Nous pourrions être rassurés sur nos prochains festivals, mais notre Patrimoine culturel, particulièrement dans son volet archéologique, est dans une tourmente telle que la privatisation ne manquera pas de lui donner le coup de grâce. Il lui faudrait, si nous suivons la leçon d’Aristote, non pas la virtuosité d’un artiste, si doué soit-il, mais le savoir-faire d’un bon cordonnier qui connaisse bien les variétés des cuirs et le maniement de l’alène, du fil, des ciseaux, des clous et du marteau.
Dans le microcosme des historiens et des archéologues ainsi que dans le milieu associatif intéressé par le Patrimoine culturel, la dernière déclaration du Ministre a été pour les uns intrigante, pour d’autres provocante et frisant l’humiliation et, pour un troisième groupe, un effet d’annonce qui sert comme un écran de fumée, quelques jours après la diffusion du rapport de la Cour des Comptes relatif à la gestion du Patrimoine archéologique.
Pour d’autres encore, il s’agirait, en fait, du vrai projet pour lequel le ministre serait venu aux affaires : privatiser le secteur de la Culture après avoir pris acte de l’échec de la gestion étatique.

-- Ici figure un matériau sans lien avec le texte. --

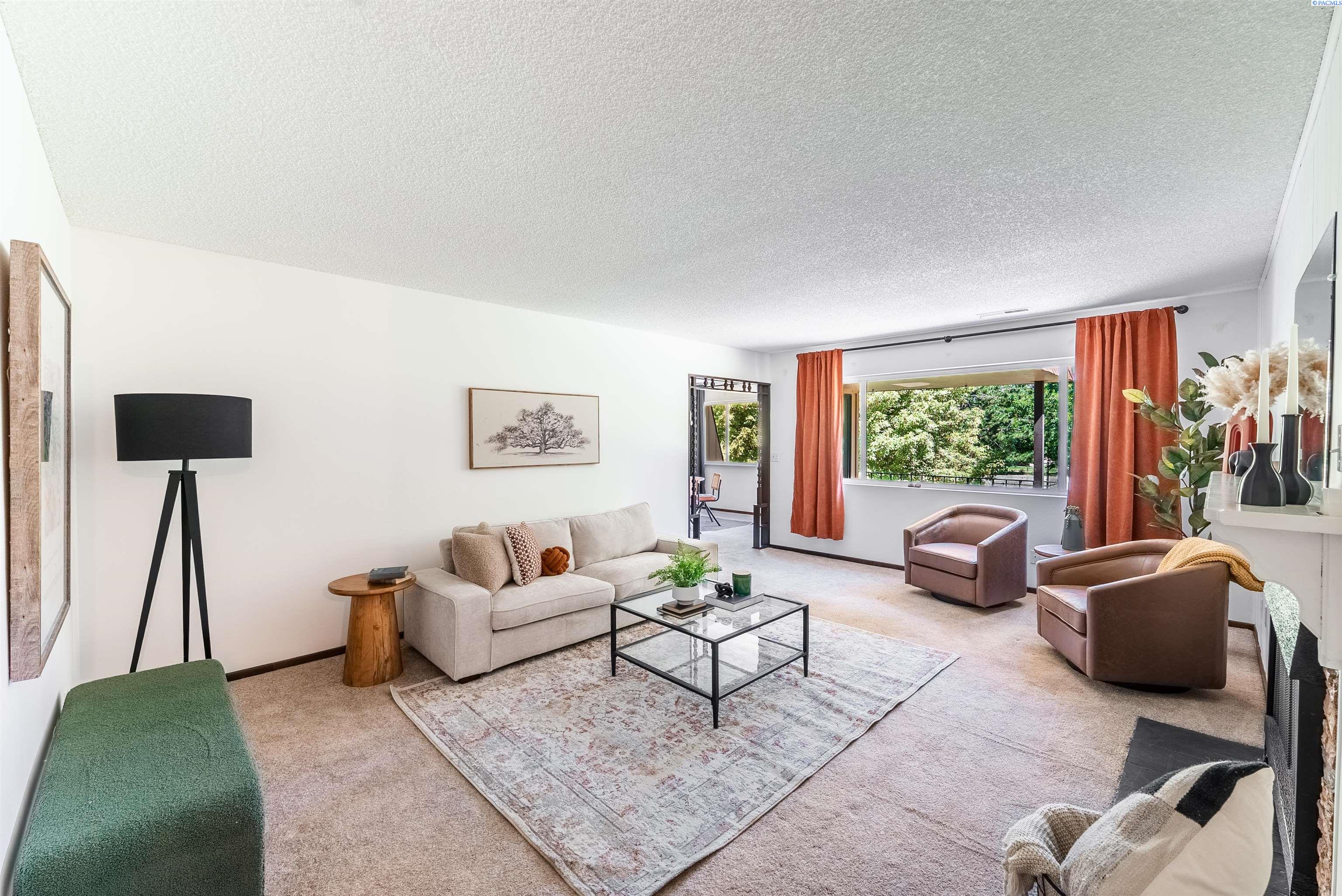 Homes for sale in Kennewick, WA | 2912 W Hood Ave, Kennewick, WA 99336 | MLS# 285582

Ainsi, le constat de l’échec ne sert pas comme un point de départ pour une vraie réforme qui n’exclurait pas l’association expérimentale du secteur privé, encadré, dans des domaines strictement définis, par une administration compétente. Il est utilisé comme une justification de la braderie qui, dans le contexte actuel du pays, peut signifier une mise à mort du Patrimoine archéologique dont l’inscription, dans le projet ultralibéral du Gouvernement provisoire actuel est parfaitement visible et certainement nuisible.

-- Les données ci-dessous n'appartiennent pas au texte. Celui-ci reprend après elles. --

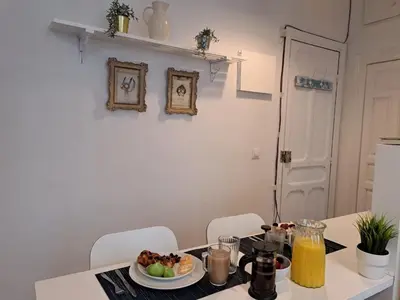 Comida en o cerca de este apartamento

Ceux auxquels le Patrimoine archéologique tient à cœur espèrent que le Ministre de la Culture a fait sa déclaration récente à propos de la privatisation, sans prendre le temps de la réflexion, ce qui l’a mené à donner aux Tunisiens une mauvaise leçon en matière de gestion du Patrimoine. Ces défenseurs et fans du patrimoine, soucieux de sa sauvegarde, formulent le vœu que notre Ministre se souviendra de l’adage né d’une phrase rédigée, au début Vème s. ap ; J.-C par Saint Jérôme, contemporain de notre Saint-Augustin et directeur de conscience de grandes dames romaines : «Il faut longtemps apprendre ce qu’on doit enseigner». Autrement, le projet ministériel de privatisation serait, du point de vue de l’intérêt général, d’une dangerosité incommensurable.